Przeciętne wynagrodzenie w sektorze przedsiębiorstw, czyli w firmach zatrudniających co najmniej dziesięć osób, zwiększyło się w lutym o 7,6 proc. rok do roku, do około 4950 zł brutto, po zwyżce o 7,5 proc. w styczniu. To jeden z pięciu najlepszych wyników ostatnich dziesięciu lat.
Ankietowani przez nas ekonomiści szacowali przeciętnie, że dynamika wynagrodzeń spadła w lutym do 7,2 proc. rok do roku, co oznaczałoby powrót do ubiegłorocznej średniej. Przemawiało za tym m.in. to, że w styczniu wzrost płac zawyżała większa niż przed rokiem liczba dni roboczych, co wpływa na zmienne składniki wynagrodzeń.
Jednym ze źródeł niespodzianki może być niedobór pracowników, na który skarżą się masowo polskie przedsiębiorstwa (w przemyśle przetwórczym blisko połowa firm zgłasza taką barierę rozwoju). – Być może dzięki nieco silniejszemu ostatnio wzrostowi płac pracodawcy „łowią" pracowników skuteczniej – zauważyli w tym kontekście ekonomiści mBanku, zwracając uwagę na spory wzrost zatrudnienia w sektorze przedsiębiorstw w lutym. W porównaniu ze styczniem zwiększyło się ono o blisko 10 tys. osób, mniej więcej tak samo jak w lutym ub.r.
Większość ekonomistów zakładała dotąd, że wzrost zatrudnienia będzie hamował z powodu niedoboru pracowników, ale też z powodu oczekiwanego osłabienia zapotrzebowania na pracę w związku ze spowolnieniem gospodarczym. W świetle wtorkowych danych może się wydawać, że popyt na pracowników nie słabnie. A jeśli podwyższanie wynagrodzeń będzie sprzyjało ich rekrutacji, to można oczekiwać coraz szybszego wzrostu wynagrodzeń.

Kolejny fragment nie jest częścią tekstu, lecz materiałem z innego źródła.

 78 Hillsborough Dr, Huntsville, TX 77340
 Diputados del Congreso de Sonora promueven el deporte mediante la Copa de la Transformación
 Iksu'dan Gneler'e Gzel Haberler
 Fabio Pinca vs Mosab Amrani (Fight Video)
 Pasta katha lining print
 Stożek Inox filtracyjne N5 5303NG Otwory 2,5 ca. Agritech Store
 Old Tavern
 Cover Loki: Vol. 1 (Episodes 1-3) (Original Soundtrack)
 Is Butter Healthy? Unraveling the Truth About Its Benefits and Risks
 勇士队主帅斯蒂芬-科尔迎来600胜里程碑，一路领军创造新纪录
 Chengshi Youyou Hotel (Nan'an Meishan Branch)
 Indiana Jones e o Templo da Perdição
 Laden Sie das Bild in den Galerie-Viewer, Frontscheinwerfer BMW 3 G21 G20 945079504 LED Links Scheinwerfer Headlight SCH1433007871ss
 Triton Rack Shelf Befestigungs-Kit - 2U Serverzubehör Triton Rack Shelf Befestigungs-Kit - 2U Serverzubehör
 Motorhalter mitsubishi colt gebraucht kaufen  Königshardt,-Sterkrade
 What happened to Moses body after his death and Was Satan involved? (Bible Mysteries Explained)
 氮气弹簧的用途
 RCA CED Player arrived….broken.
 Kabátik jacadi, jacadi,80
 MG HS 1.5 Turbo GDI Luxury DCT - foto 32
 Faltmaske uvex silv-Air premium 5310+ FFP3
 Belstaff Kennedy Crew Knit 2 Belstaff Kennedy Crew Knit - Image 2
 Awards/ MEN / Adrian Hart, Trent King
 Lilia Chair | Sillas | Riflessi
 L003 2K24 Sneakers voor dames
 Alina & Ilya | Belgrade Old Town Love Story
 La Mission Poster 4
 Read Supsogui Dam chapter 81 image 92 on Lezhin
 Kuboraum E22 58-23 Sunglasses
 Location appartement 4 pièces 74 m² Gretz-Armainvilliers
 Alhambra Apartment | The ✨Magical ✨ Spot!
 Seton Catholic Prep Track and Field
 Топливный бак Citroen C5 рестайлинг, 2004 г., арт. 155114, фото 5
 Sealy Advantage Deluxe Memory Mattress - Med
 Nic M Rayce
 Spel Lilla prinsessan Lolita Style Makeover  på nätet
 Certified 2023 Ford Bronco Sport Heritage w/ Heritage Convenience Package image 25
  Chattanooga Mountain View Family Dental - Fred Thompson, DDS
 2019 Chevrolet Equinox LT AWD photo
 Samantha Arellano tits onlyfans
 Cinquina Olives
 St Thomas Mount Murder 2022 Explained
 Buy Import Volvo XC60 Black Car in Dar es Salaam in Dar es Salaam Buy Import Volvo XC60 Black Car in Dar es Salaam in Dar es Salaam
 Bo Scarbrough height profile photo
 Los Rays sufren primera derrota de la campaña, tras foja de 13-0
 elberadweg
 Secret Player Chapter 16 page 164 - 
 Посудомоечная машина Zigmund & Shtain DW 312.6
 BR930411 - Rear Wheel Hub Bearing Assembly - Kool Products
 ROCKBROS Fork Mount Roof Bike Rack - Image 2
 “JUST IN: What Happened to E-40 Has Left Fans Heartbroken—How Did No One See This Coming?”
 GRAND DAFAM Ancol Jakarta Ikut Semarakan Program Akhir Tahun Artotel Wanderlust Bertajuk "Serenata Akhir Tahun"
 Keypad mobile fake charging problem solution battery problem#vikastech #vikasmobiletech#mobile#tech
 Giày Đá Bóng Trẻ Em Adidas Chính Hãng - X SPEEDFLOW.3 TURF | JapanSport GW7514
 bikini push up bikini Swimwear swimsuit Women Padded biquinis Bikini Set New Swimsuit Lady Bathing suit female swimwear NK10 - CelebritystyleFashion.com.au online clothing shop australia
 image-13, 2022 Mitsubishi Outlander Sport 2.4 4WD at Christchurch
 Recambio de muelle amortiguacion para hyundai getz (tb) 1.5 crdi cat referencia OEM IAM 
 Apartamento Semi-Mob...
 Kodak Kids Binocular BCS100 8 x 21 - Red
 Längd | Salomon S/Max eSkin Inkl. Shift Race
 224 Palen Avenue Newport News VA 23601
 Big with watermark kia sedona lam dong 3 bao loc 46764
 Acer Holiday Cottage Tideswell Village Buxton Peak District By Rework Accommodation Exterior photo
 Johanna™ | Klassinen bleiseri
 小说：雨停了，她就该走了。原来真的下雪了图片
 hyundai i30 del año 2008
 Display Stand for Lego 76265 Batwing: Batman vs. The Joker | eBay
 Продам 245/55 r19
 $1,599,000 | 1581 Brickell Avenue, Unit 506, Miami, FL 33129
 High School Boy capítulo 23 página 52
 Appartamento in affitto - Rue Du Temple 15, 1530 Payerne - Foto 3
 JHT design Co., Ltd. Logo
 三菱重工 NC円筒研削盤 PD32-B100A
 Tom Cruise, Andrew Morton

Zdaniem Piotra Piękosia, ekonomisty z banku Pekao, to nie jest najbardziej prawdopodobny scenariusz rozwoju sytuacji na rynku pracy. – W średnim terminie oczekujemy stopniowego spowolnienia wzrostu płac. Będzie do tego prowadził hamujący wzrost gospodarczy, ale też rosnące pozapłacowe koszty pracy – tłumaczy, wskazując na zaplanowany na II połowę roku początek budowy systemu pracowniczych planów kapitałowych.